TERNATE, Jhazirah.com – Kepala Kejaksaan Negeri Ternate, Syamsidar Monoarfa, memimpin langsung pelaksanaan pemusnahan barang bukti perkara tindak pidana yang telah berkekuatan hukum tetap, di lingkungan kantornya, Selasa (20/5/2026). Kegiatan ini dihadiri Wakil Wali Kota Ternate Nasri Abubakar, jajaran Forkopimda, aparat penegak hukum, serta pimpinan instansi terkait.
Syamsidar menegaskan, pemusnahan ini merupakan bagian penting dari penegakan hukum yang berjalan transparan, akuntabel, dan sepenuhnya sesuai ketentuan perundang-undangan.
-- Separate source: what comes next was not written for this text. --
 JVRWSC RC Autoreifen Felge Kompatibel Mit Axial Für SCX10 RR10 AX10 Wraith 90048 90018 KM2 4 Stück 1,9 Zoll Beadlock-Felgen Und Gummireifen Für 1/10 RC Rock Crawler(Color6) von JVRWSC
Seluruh barang bukti yang dimusnahkan berasal dari perkara yang ditangani sepanjang Desember 2025 hingga April 2026, dan semuanya telah memiliki kekuatan hukum tetap, sehingga pelaksanaannya menjadi kewajiban yang harus dipenuhi.
“Ini bukan kegiatan seremonial belaka, melainkan wujud nyata pelaksanaan putusan pengadilan dan komitmen kami agar barang bukti tidak disalahgunakan oleh pihak mana pun,” tegasnya.
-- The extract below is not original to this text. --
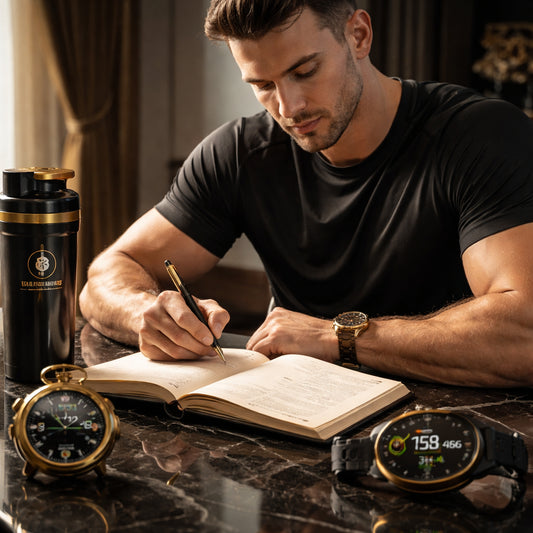 A realistic illustration of a man writing notes in a journal, with a stopwatch and a heart‑rate monitor nearby. Alt: tracking stamina and endurance baseline.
Ia juga menambahkan, keberhasilan penanganan berbagai perkara pidana tidak lepas dari kerja sama erat antaraparat penegak hukum, dukungan pemerintah daerah, serta peran aktif masyarakat dalam menjaga keamanan dan ketertiban di wilayah ini.
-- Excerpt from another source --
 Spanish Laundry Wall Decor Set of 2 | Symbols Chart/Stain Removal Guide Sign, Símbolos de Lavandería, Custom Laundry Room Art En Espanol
Merespons kegiatan tersebut, Wakil Wali Kota Ternate Nasri Abubakar menyampaikan apresiasi setinggi-tingginya kepada Kejaksaan Negeri Ternate dan seluruh unsur penegak hukum atas konsistensi dan ketegasan dalam menjalankan tugas.
Menurut Nasri, langkah pemusnahan ini menjadi simbol jelas bahwa negara hadir dan berfungsi dengan baik dalam menegakkan hukum secara terbuka, bertanggung jawab, serta memberikan kepastian hukum bagi seluruh warga masyarakat.
“Kami sangat mengapresiasi langkah ini. Ini membuktikan bahwa proses hukum berjalan sesuai jalurnya, transparan, dan tidak ada yang diabaikan,” ujar Nasri.
Ia menegaskan pula bahwa pemberantasan kejahatan tidak bisa dilakukan secara terpisah-pisah atau hanya oleh satu pihak saja. Dibutuhkan kolaborasi kuat dan berkelanjutan antara pemerintah daerah, kejaksaan, kepolisian, TNI, serta seluruh elemen masyarakat.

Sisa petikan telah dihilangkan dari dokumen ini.